====== The records
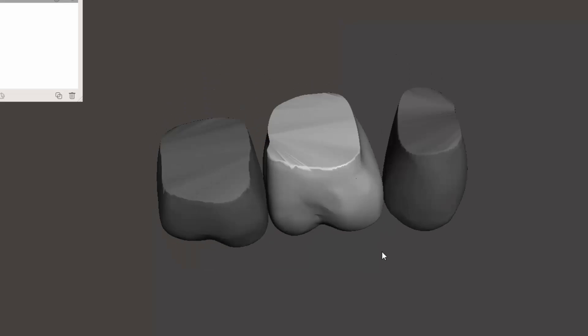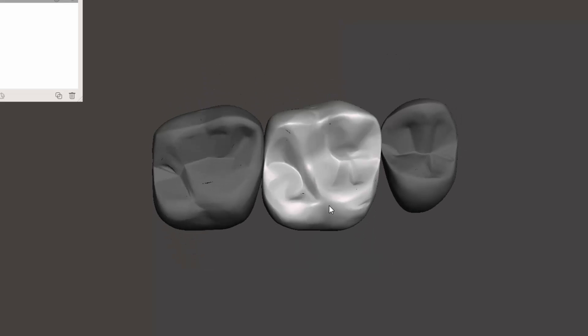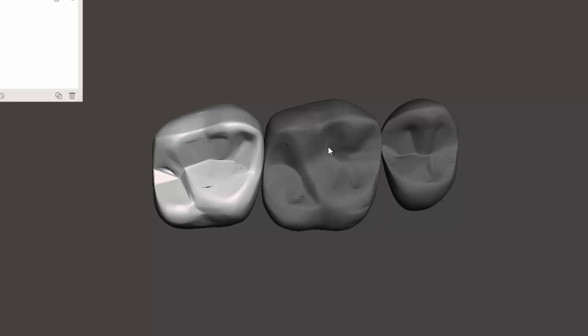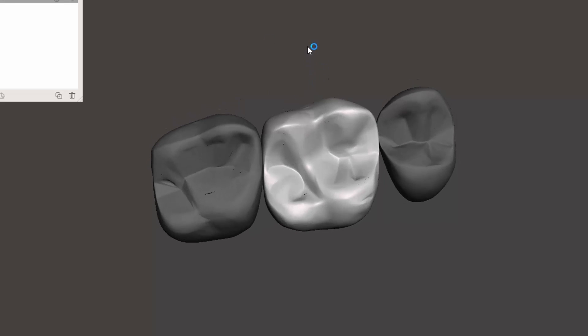Creating face groups is what I'm going to show you and how to use those to refine anatomy. Basically, I'm going to just mess with tooth number three, or upper first maxillary molar.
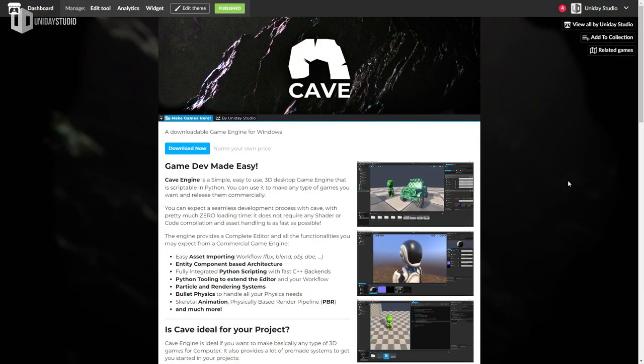We're going to be using a very special game engine called Cave, and you will see that it is very straightforward, easy to use and very intuitive to get started. So enough talking — I'll go to my computer and show you everything you need to know, so prepare yourself, get comfortable and let's get started. The very first thing you need to do is download the game engine. Cave Engine is a game engine for Windows to create 3D projects in a very fast, easy and interactive way.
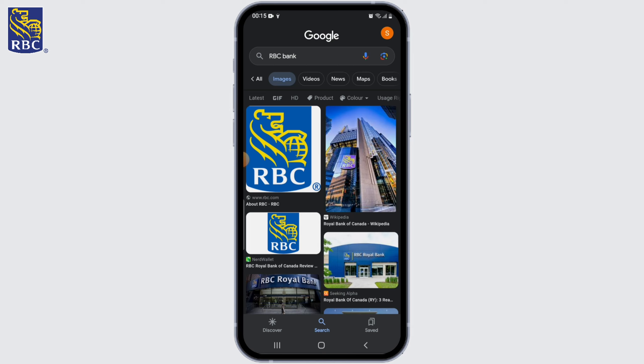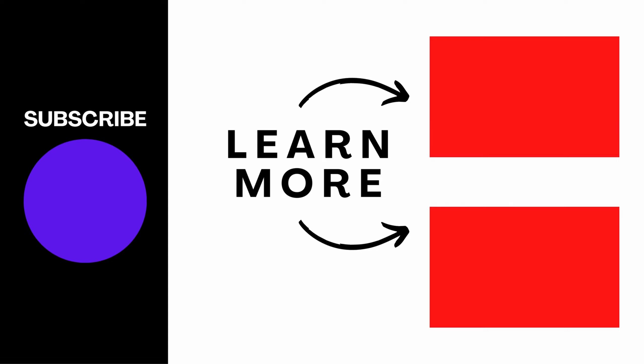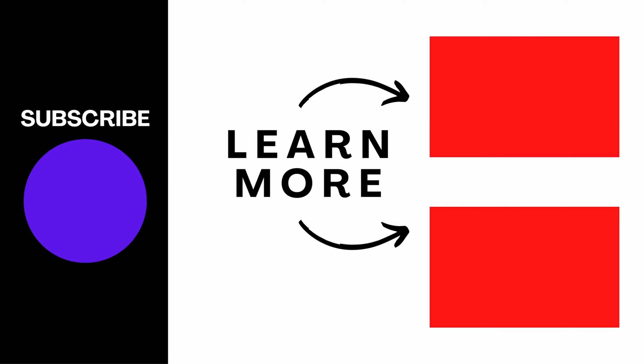Remember, the specific process may vary slightly depending on your location and the type of account you wish to open. It's always a good idea to contact your local RBC Royal Bank branch or visit their website for the most accurate and up-to-date information. I really hope you found this video helpful — if you did, please like, share, and subscribe for more great content. Thanks for watching!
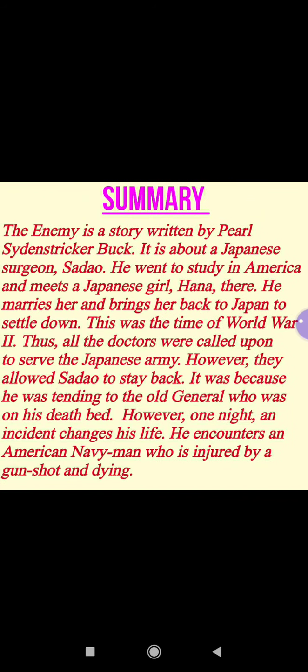The Enemy is a story written by Pearl S. Buck. It is about a Japanese surgeon, Sadao. He went to study in America and meets a Japanese girl, Hana. There is a girl Hana, a Japanese girl, who he loves. He marries her and brings her back to Japan to settle down.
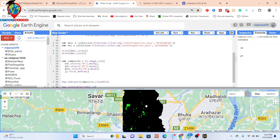This is our final output from the Sentinel-1 SAR imagery. You can easily export this data and work with other software. This imagery can be used for different applications such as land use/land cover classification, biomass modeling, and many other uses. You can also make different types of analysis with this exported imagery.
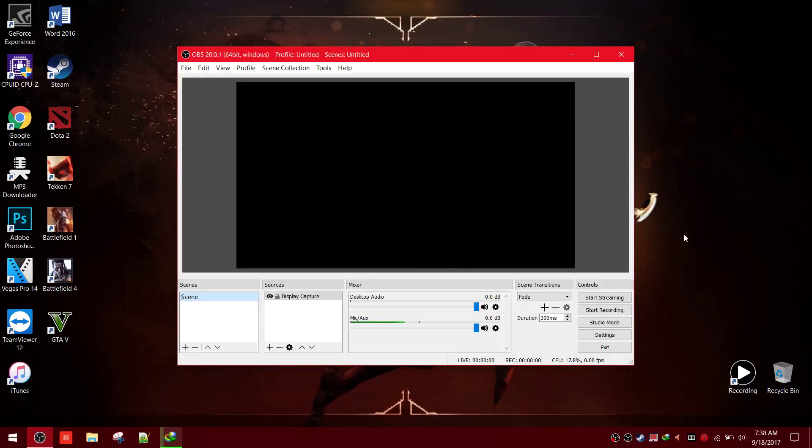Hello guys, today I'm going to show you how to fix black screen display capture on OBS.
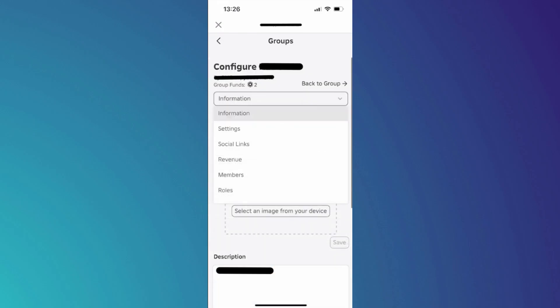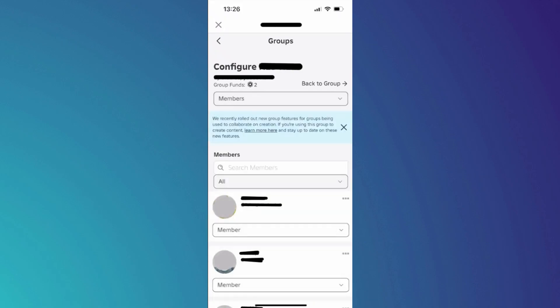Now, you will see several options. Simply select Members from the top menu and all of the current members will be displayed. Here, you just need to locate every member in the group and exile them. This means removing all members from the group.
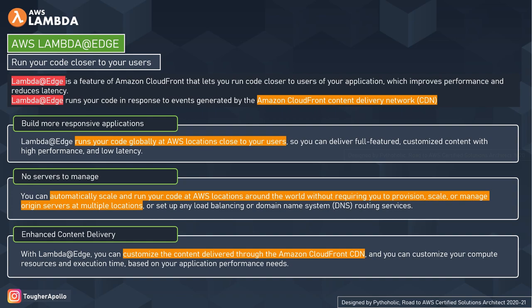The second feature is no servers to manage. With AWS Lambda at Edge, we can automatically scale our function code and run it at AWS locations around the world without having to provision, scale, or manage origin servers at those locations. You also don't need to set up any load balancing or DNS.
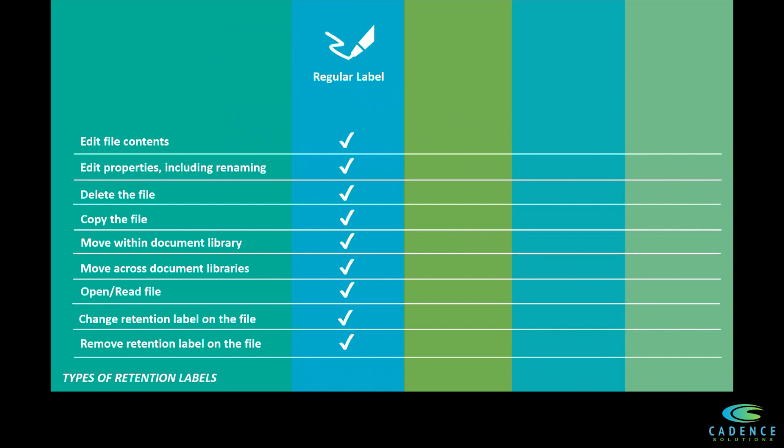However, if a file tagged with a regular label is deleted, a copy is preserved in the preservation hold library where it lives out the rest of its retention duration.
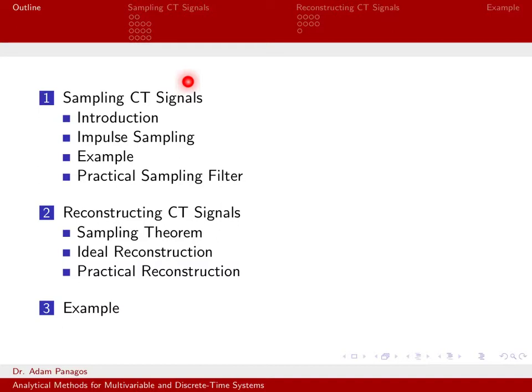grab it at evenly spaced points in time, grab the values of the signal, write those down as a finite list? How can you do that without losing information? That's this first part in terms of sampling.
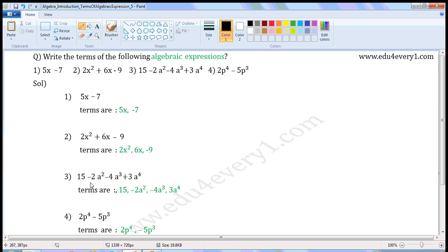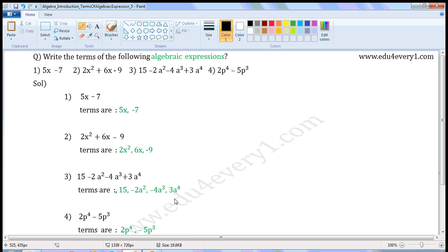The next term is minus 2a squared, or minus 2a to the power of 2. Next is minus 4a cubed, or minus 4a to the power of 3. The last term is plus 3a to the power of 4.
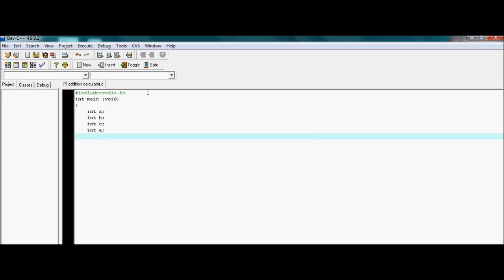Remember one thing in naming integers: the variable name must start from an English alphabet. It must not begin with any number or any symbol.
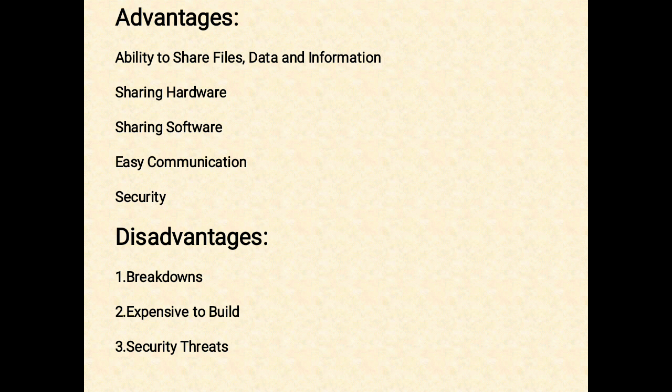The fourth advantage is easy communication. It is very easy to communicate through a network. People can communicate efficiently using a network with a group of people. They can enjoy the benefits of emails, instant messaging, telephony, video conferencing, chat rooms, etc.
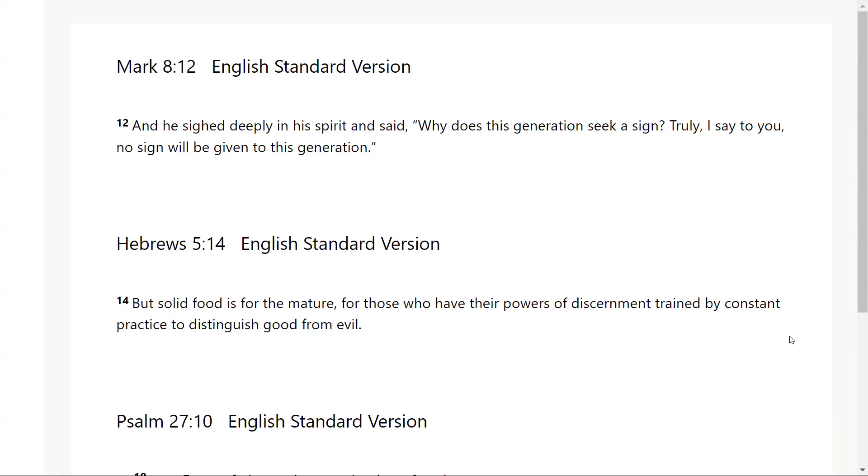Let's look at Hebrews chapter 5, verse 14: But solid food is for the mature, for those who have their powers of discernment trained by constant practice to distinguish good from evil. This solid food, which is for the mature, is speaking of the word. The word that God speaks to our hearts through his word, through personal words, through learning about the word of God, the fundamentals of the gospel, by grace through faith.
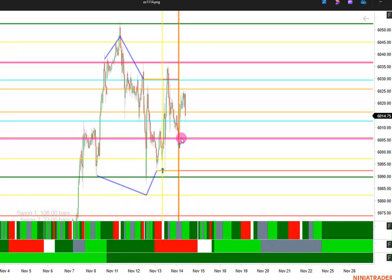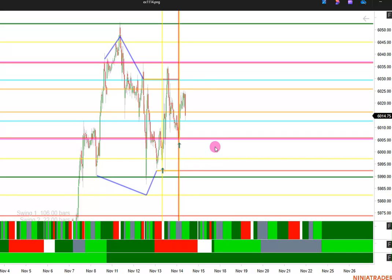So when we have strong price and time coming together like we did here early this morning, you get a good solid move. We made a move from about $6,007 up to the $6,025 area, and that happened in about an hour and a half. That's just another example of how these tools work — how you can incorporate math into trading. By understanding the key math formulas and key ratios in the market, you can get yourself really excellent projections.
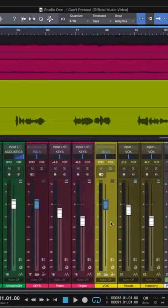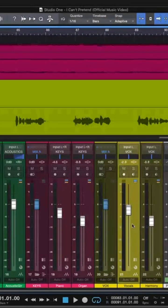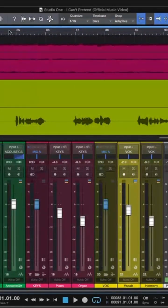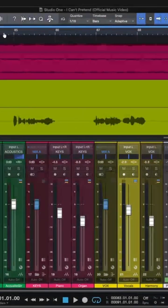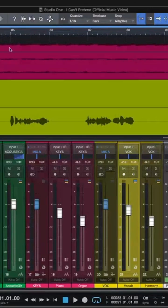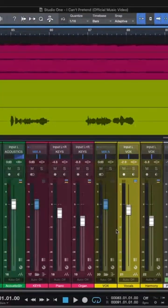Now let's jump in here and take a look at parallel compression. We're going to be doing it on the lead vocal in this track today. But let me start off by playing you the vocal so you can hear it inside the track before we set up parallel compression.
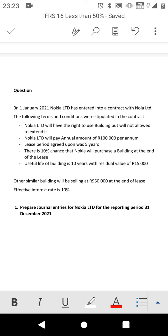The leasing period agreed upon was five years. The useful life of the building is ten years with a residual value of 15,000. Other similar buildings will be selling at 950,000 at the end of the leasing period. The effective interest rate is 10%.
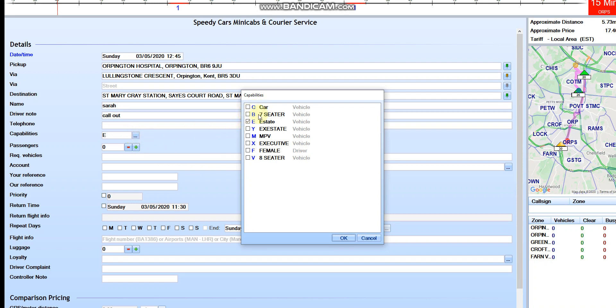C for car, B for seven seater bus, E for an estate car, Y for X estate car executive, you know, like luxury cars, M for MPV multi-purpose vehicle, X for executive, F for female driver, V for 8 seater.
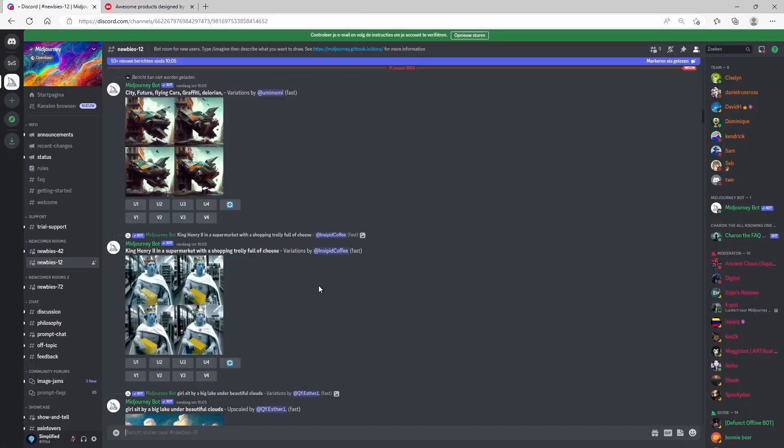Welcome to this MidJourney AI guide on how to create stunning art and turn them into actual products using the Redbubble software.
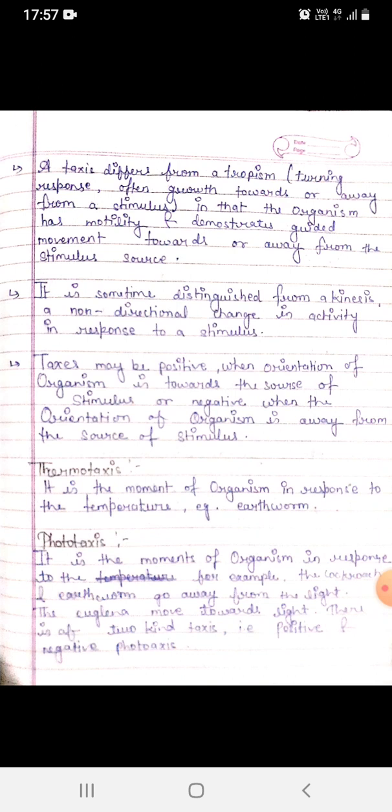Taxis differs from a tropism — a turning response often involving growth toward or away from a stimulus — in that the organism has motility and demonstrates guided movement toward or away from the stimulus source. Taxis may be positive when orientation is toward the source of stimulus, or negative when orientation is away from the source.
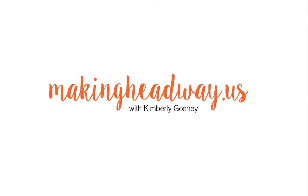Hello there, it's me Kimberly Gosney from MakingHeadway.us and in today's fun tech tutorial I'm gonna walk you through how to add an image and a link to anywhere on the internet on the sidebar area of your WordPress website.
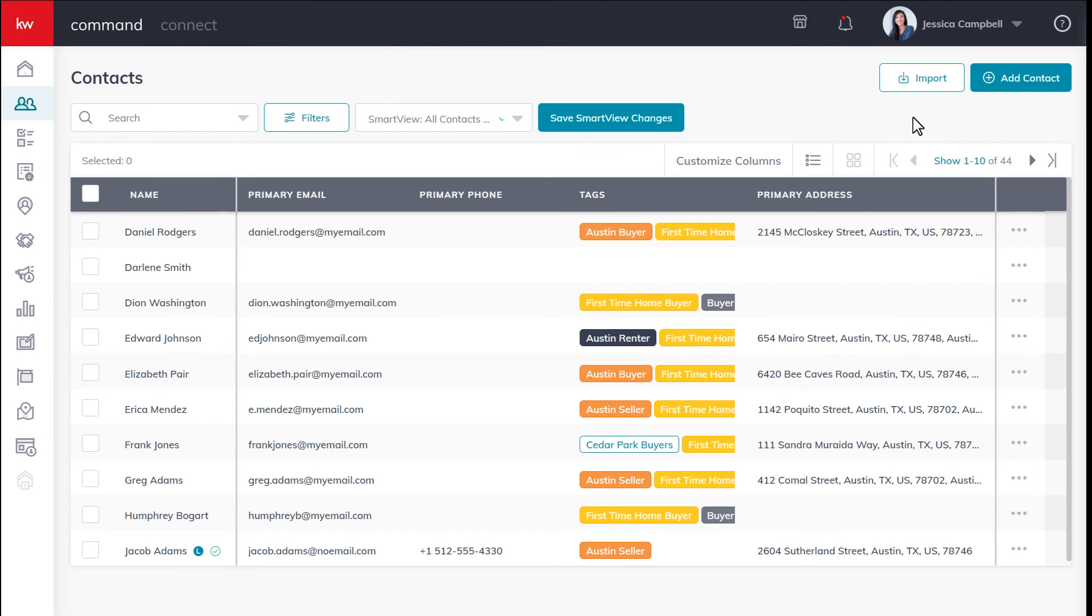Now that you have successfully archived some contacts, you can either permanently delete them from command, or you can restore them back to your contact database. Now, something I like to point out is that if you try to add a contact with the same email address as a contact in your archive, the system will block you. So it's important that after you archive a contact, you either restore it or permanently delete it.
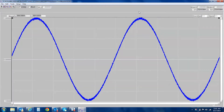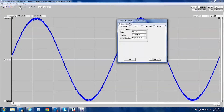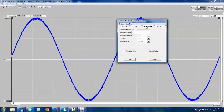Now that the file has been located and opened, you can see that this is indeed the waveform that was previously captured. By simply going into the Setup menu, selecting Setup, selecting the Waveform tab, adding a memory name, selecting a memory location, and simply pressing Transfer Data.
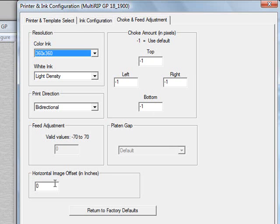you can use the Horizontal Image Offset feature to adjust the overall location of the file after it's sent from the RIP. This allows you to offset it at the RIP instead of having to offset it in your graphics program.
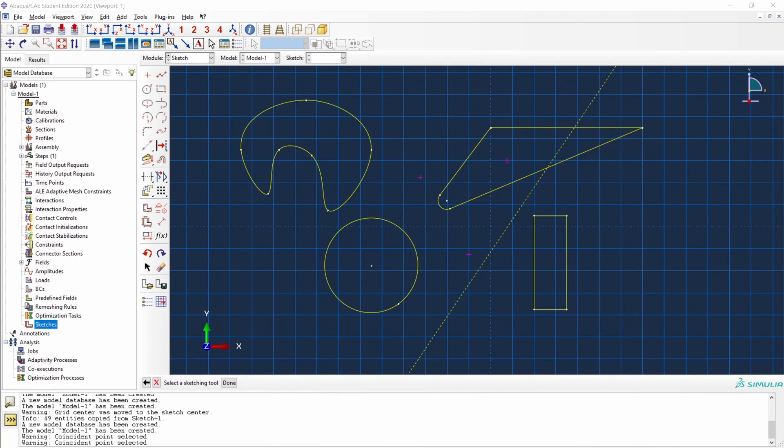Welcome to the Tecnodigital School. In this video, we will be talking about sketches. How can we take advantage of Abacus scripting to create our sketches?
============
--- Activity ---
Above, find the line with "This is our"; copy it and every line down to the line with "Remember one thing", exactly and both included, but no pictures.

--- Result for this task ---
This is our final output from the Sentinel-1 SAR imagery. You can easily export this data and work with other software. This imagery can be used for different applications such as land use/land cover classification, biomass modeling, and many other uses. You can also make different types of analysis with this exported imagery.
Hello guys, today I'm going to show you how to fix black screen display capture on OBS.
Now, you will see several options. Simply select Members from the top menu and all of the current members will be displayed. Here, you just need to locate every member in the group and exile them. This means removing all members from the group.
The second feature is no servers to manage. With AWS Lambda at Edge, we can automatically scale our function code and run it at AWS locations around the world without having to provision, scale, or manage origin servers at those locations. You also don't need to set up any load balancing or DNS.
However, if a file tagged with a regular label is deleted, a copy is preserved in the preservation hold library where it lives out the rest of its retention duration.
grab it at evenly spaced points in time, grab the values of the signal, write those down as a finite list? How can you do that without losing information? That's this first part in terms of sampling.
The next term is minus 2a squared, or minus 2a to the power of 2. Next is minus 4a cubed, or minus 4a to the power of 3. The last term is plus 3a to the power of 4.
Remember one thing in naming integers: the variable name must start from an English alphabet. It must not begin with any number or any symbol.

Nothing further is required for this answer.